A título de exemplo - mais um a juntar aos vários justamente sublinhados nesta edição do "Avante!" - atente-se no texto produzido por Miguel Sousa Tavares no "Público" da passada sexta-feira. Aproveitando o lugar cativo de que dispõe naquele jornal, Tavares achou por bem matar dois coelhos com uma singular e hipócrita cajadada. Indignado com aquilo a que, ao que parece sem corar, chama "desigualdade de tratamento por parte da imprensa em relação às posições em confronto, e em prejuízo do lado do 'não'", este assanhado inimigo da regionalização decidiu "abrir uma excepção" na postura isenta, segundo ele, da sua "coluna semanal" - a qual, sempre segundo o próprio, se tem posicionado, por "elegância", "ao abrigo da disputa em curso". Aberta a "excepção" e fechada a "elegância", eis-nos perante um texto muito ao jeito, ao estilo e ao conteúdo típicos do autor - ou seja, lastimável. Mas que tem a grande vantagem de exemplificar em concreto os métodos, as práticas, os golpes, as baixezas de que é feita a campanha da direita.

No livro,recentemente publicado, "As regiões administrativas.
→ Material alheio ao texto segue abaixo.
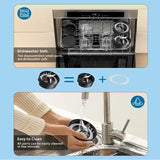 Portable Blender with Button 450W – Professional Kitchen Smoothie & Shake Maker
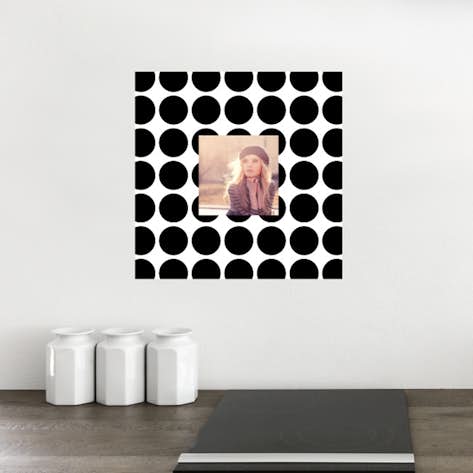 Patterns, Borders & Frames Art, Vinyl Wall Stickers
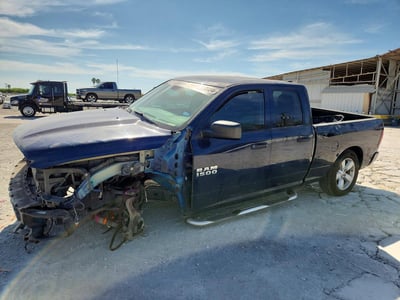 2014 RAM 1500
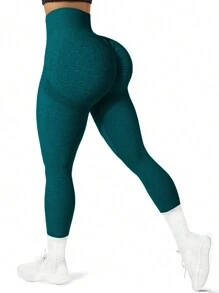 SHEIN Sport Studio Seamless High Elasticity Sport Leggings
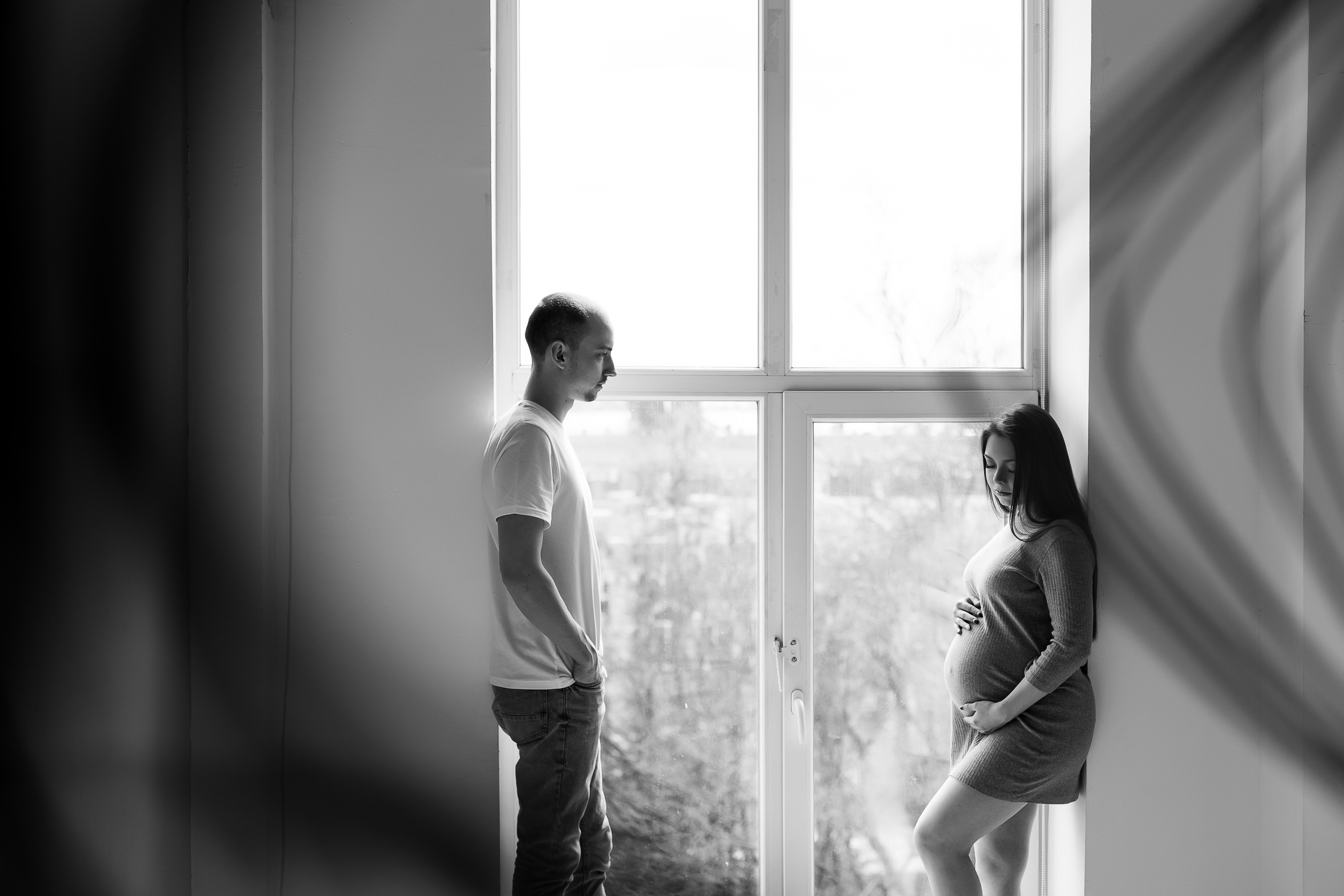 Фотосессия беременности в Твери. Свадебный и семейный фотограф в Твери и Тверской области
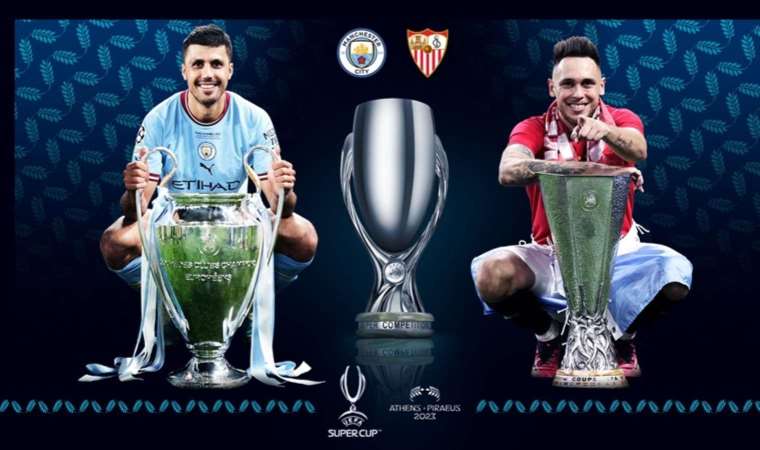 Manchester City - Sevilla maçı ne zaman, saat kaçta, hangi kanalda?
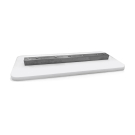 Plastic Pole Trowel Blade 24inch x 4 Pack
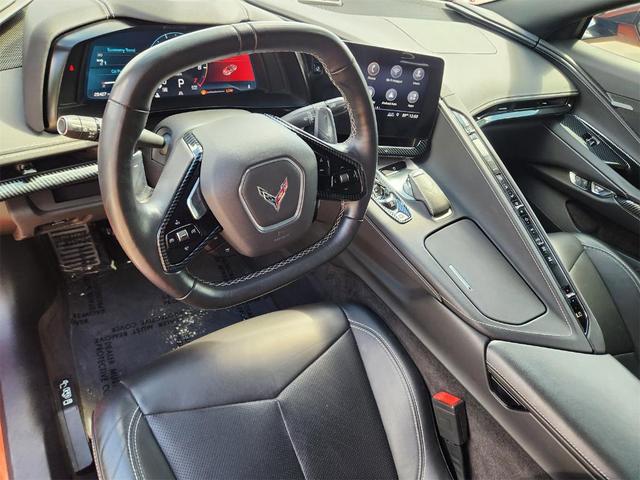 Photo of 2020 Sebring Orange Tintcoat Chevrolet Corvette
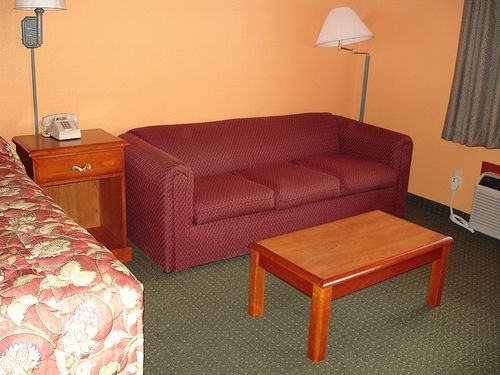American Inn Cleburne Rom bilde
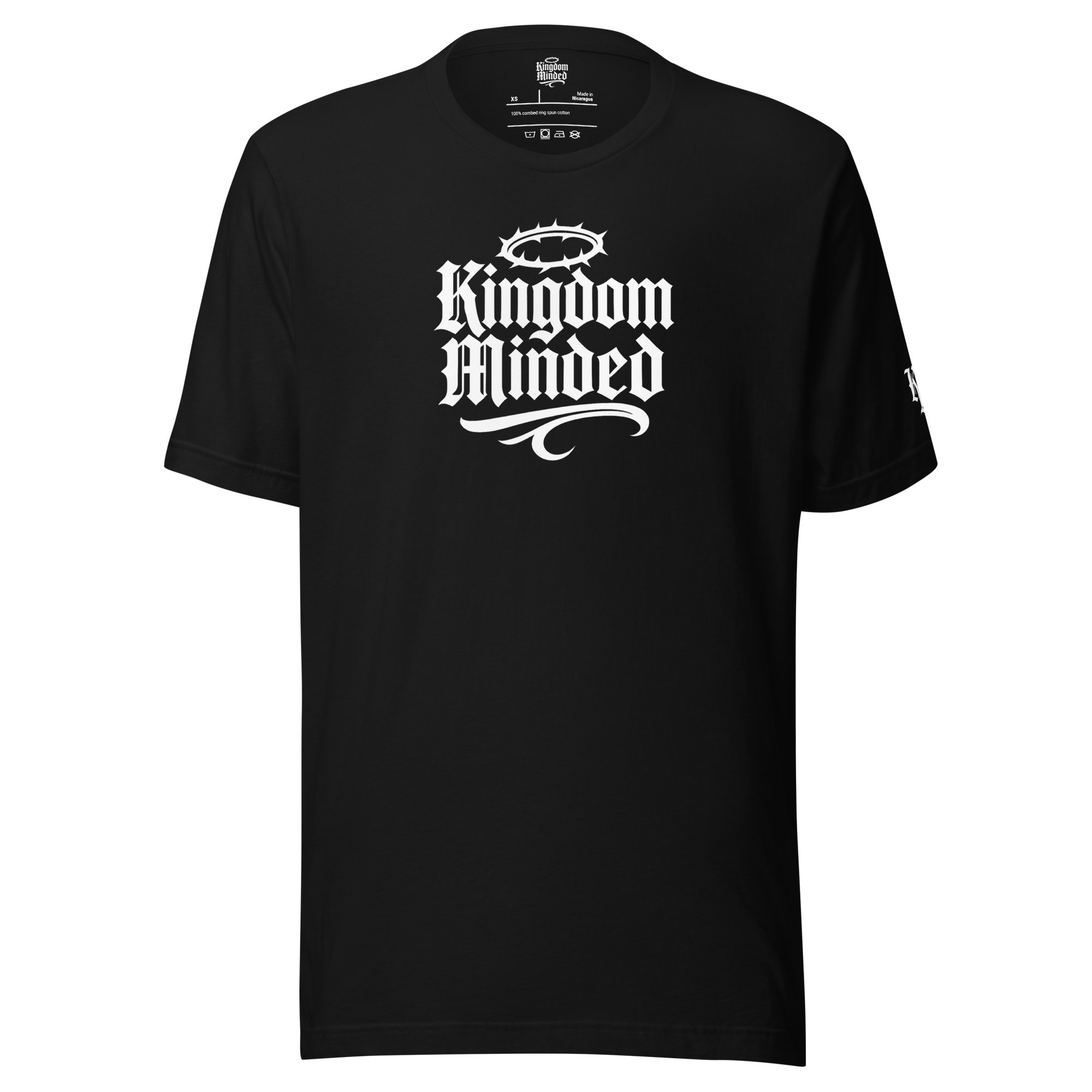 Kingdom Minded Short-Sleeve T-shirt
Democracia e desenvolvimento" - da autoria de Luis Sá, Ana Serrano e Daniel Branco - sublinha-se, a dada altura, a importância de, nesta batalha e neste contexto, "levar tão longe quanto possível o debate e o esclarecimento". E acrescenta-se: "As oportunidades são desiguais aos mais diversos níveis, tais como a escolha de participantes em debates, a selecção dos comentadores e dos líderes de opinião; importa, porém, que aqueles que pensam que as questões relacionadas com o Estado, a administração pública, a democracia e os interesses das populações devem ser objecto da intervenção de todos, não deixem de travar os combates que consideram fundamentais e que não sejam os efeitos de modas, de temores infundados e de uma intensa falsificação de dados e intenções a determinar as escolhas fundamentais dos cidadãos". Assim deve ser, de facto. E se esta é uma campanha na qual, como a experiência mostra, são visíveis os resultados do diálogo esclarecedor, da intervenção serena, da argumentação séria e verdadeira, então vale ainda mais a pena empenharmos nela todos os nossos esforços e capacidades. Até ao último dia.